But Moozfly has given him the opportunity to go beyond stand-up to create material for the Internet. At a production studio in Madrid, Bugni prepares satirical “Mooz Newz” segments in which his “Miky McPhantom” character is a pugnacious TV news anchor similar to Comedy Central’s Stephen Colbert.

“A lot of my humor is politically incorrect, and you can’t do that in a lot of countries,” Bugni said. “This project is giving me the opportunity to develop my comedy for people in the U.S. and around the world.”

Moozfly is one example of media entrepreneurs and major U.S. media companies gearing up programming to woo Latinos, one of the nation’s fastest-growing demographic groups.
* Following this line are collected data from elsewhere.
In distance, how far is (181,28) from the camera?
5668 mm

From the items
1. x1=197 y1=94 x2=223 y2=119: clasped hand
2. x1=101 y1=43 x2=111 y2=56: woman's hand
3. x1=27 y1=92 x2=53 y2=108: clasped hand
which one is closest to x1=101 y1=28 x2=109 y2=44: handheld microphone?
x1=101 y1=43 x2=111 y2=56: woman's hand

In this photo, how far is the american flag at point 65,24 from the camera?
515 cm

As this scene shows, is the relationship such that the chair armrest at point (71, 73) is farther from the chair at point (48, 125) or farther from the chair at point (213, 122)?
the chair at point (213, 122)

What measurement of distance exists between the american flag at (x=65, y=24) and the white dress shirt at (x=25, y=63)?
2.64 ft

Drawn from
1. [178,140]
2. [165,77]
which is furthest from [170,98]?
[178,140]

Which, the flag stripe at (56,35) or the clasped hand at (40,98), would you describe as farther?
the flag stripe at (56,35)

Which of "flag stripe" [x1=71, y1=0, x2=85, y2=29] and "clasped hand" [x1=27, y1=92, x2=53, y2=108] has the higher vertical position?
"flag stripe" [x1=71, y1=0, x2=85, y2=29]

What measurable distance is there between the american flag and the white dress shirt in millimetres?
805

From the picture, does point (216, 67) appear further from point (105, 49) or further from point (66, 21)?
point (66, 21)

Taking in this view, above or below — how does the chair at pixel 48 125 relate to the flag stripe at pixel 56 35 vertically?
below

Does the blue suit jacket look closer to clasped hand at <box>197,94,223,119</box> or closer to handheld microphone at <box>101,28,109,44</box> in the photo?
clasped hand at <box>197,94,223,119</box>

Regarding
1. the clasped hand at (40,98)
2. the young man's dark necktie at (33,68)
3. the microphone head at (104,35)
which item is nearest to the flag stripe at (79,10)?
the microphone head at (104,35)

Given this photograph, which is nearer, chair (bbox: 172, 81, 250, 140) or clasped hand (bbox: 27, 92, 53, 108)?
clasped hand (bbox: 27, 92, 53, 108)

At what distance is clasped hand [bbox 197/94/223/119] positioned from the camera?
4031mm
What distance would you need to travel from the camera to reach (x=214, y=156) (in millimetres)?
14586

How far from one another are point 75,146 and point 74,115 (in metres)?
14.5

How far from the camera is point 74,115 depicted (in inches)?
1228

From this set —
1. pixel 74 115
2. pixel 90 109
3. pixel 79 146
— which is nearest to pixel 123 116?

Last summer News Corp. introduced the Spanish-language broadcast network MundoFox. Spanish-language media giant Univision Communications Inc. and ABC News plan to launch a 24-hour cable-TV news channel to appeal to English-speaking Latinos next year, and recently set up a website to provide election news. Last spring former NBC programming executive Ben Silverman started a YouTube channel featuring Spanish-speaking comedians called NuevOn.

Advertisers are watching.

“It used to take hundreds of millions of dollars to launch a network or cable channel, but now you can launch a channel if you have a good idea and can create compelling content for an audience that is underserved,” said Chet Fenster, managing director of MEC Entertainment, which specializes in ad strategies.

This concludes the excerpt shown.